Philly Strip Clubs Battle ‘Lap Dance Tax’

PHILADELPHIA, Pa.—Two Philadelphia strip clubs are appealing huge taxes levied against them by the city based on a so-called amusement tax that usually is applied to admission fees but in this case was applied by the city to lap dance revenue. The taxes are not slight— Club Risque was charged $320,538, and Cheerleaders was charged $486,482.

According to ABC News, “The attorney for Club Risque and Cheerleaders said the city is taking an existing ordinance, the 5 percent amusement tax ordinance which typically applies to admissions fees, and is trying to turn it into a tax for lap dances.”

Mark McDonald, a spokesperson for Philadelphia Mayor Nutter, responded, "There is no such lap dance tax. There is an amusement tax and the city is engaged in an enforcement action involving several businesses and about which I am unable to comment because we don't discuss pending litigation.”

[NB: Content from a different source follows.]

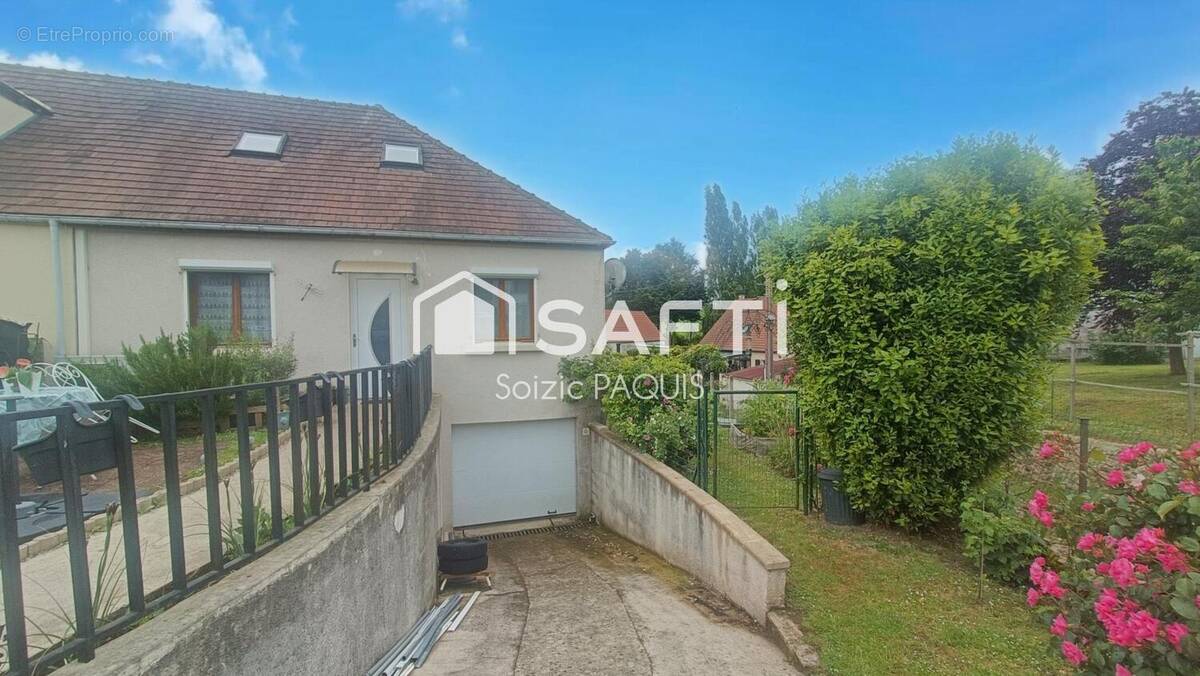 Photo 1 - Maison à LA FERTE-SOUS-JOUARRE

The club attorney, George Bochetto, called foul, accusing the city of auditing lap dance revenue and then going back five years and tacking on fines. "It's over the top. Unbelievable,“ he told Philly.com.

According to the site, “The clubs, of course, pay business taxes in addition to the amusement tax, and dancers are supposed to pay income and wage taxes. An informed City Hall source says the city feels it can run an amusement tax up the pole because the lap dance is a separate experience.”

Bochetto says that’s double-dipping, and pointed to the language from the Philadelphia Code about the amusement tax to back up his claim: "Imposed upon the admission fee or privilege to attend or engage in any amusement."

McDonald issued an implied accusation of his own, saying tax avoidance is a "continuous issue faced by any revenue department. Without speaking directly to a case about which I'm not going to comment, I can say that a business might start providing a new service or in an existing service in a new way that was not there before. When a revenue department finds out about it, an action to collect appropriate taxes would ensue."

Philly.com added its own postscript to the story, musing, “Maybe the city can try for an emission fee.”